Wenn sich jetzt der Verein für Socialpolitik in Wien trifft und über Geldwettbewerb, Privatwährungen und eine neue Geldordnung diskutiert, ist das eine späte Hommage an Carl Menger und Friedrich August von Hayek.
Als ich 2009 gemeinsam mit Norbert Tofall, Michael von Prollius und Thorsten Polleit in der FAZ in der Rubrik „Ordnung der Wirtschaft“ einen ganzseitigen Artikel unter der Überschrift „Die Überwindung der Krise durch gutes Geld“ platzieren konnte, und wir zur Überwindung der Finanzkrise einen Geldwettbewerb staatlicher und privater Währungen vorschlugen, war das für viele Leser schwere Kost. Viele hielten und halten das nach wie vor für eine verrückte Idee. Es ist doch so viel einfacher, immer nur mit einer Währung zu rechnen und zu bezahlen – egal was es kostet.

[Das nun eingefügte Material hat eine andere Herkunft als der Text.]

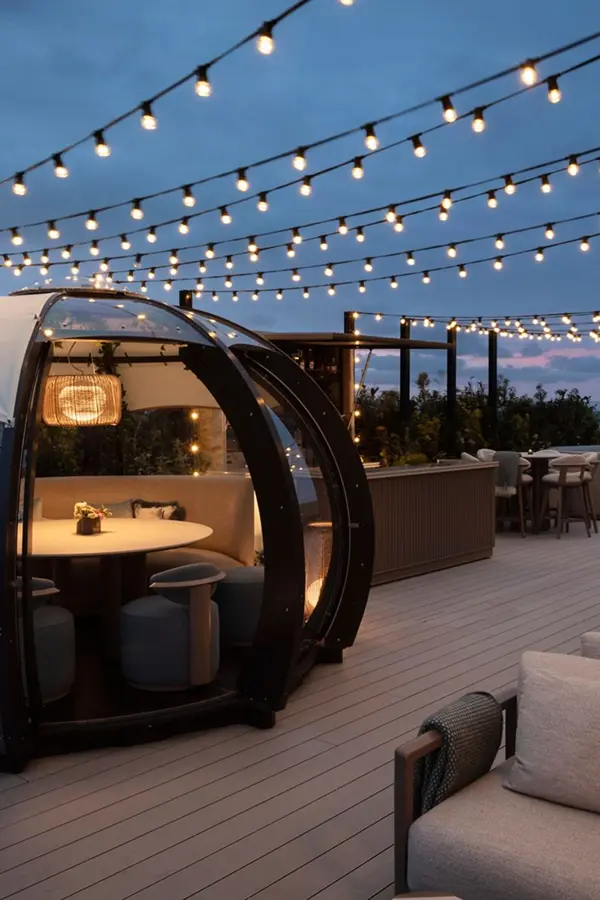 Rooftop terrace with pod seating and string lights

Als ich im Frühjahr 2011 bei einer Veranstaltung in Hamburg war, und einen Vortrag zur Überwindung der Euroschuldenkrise hielt, meldete sich im Anschluss der Diskussion Prof. Bernd Lucke, damals noch CDU-Mitglied, und sagte sinngemäß, es sei alles richtig, was ich zur Eurokrise gesagt hätte, aber den Passus mit dem Geldwettbewerb solle ich doch lieber weglassen, das sei nicht realistisch. Nun, ich habe seinen Rat anschließend nicht befolgt, sondern bin immer noch ein Freund der Hayekschen Idee des Geldwettbewerbs.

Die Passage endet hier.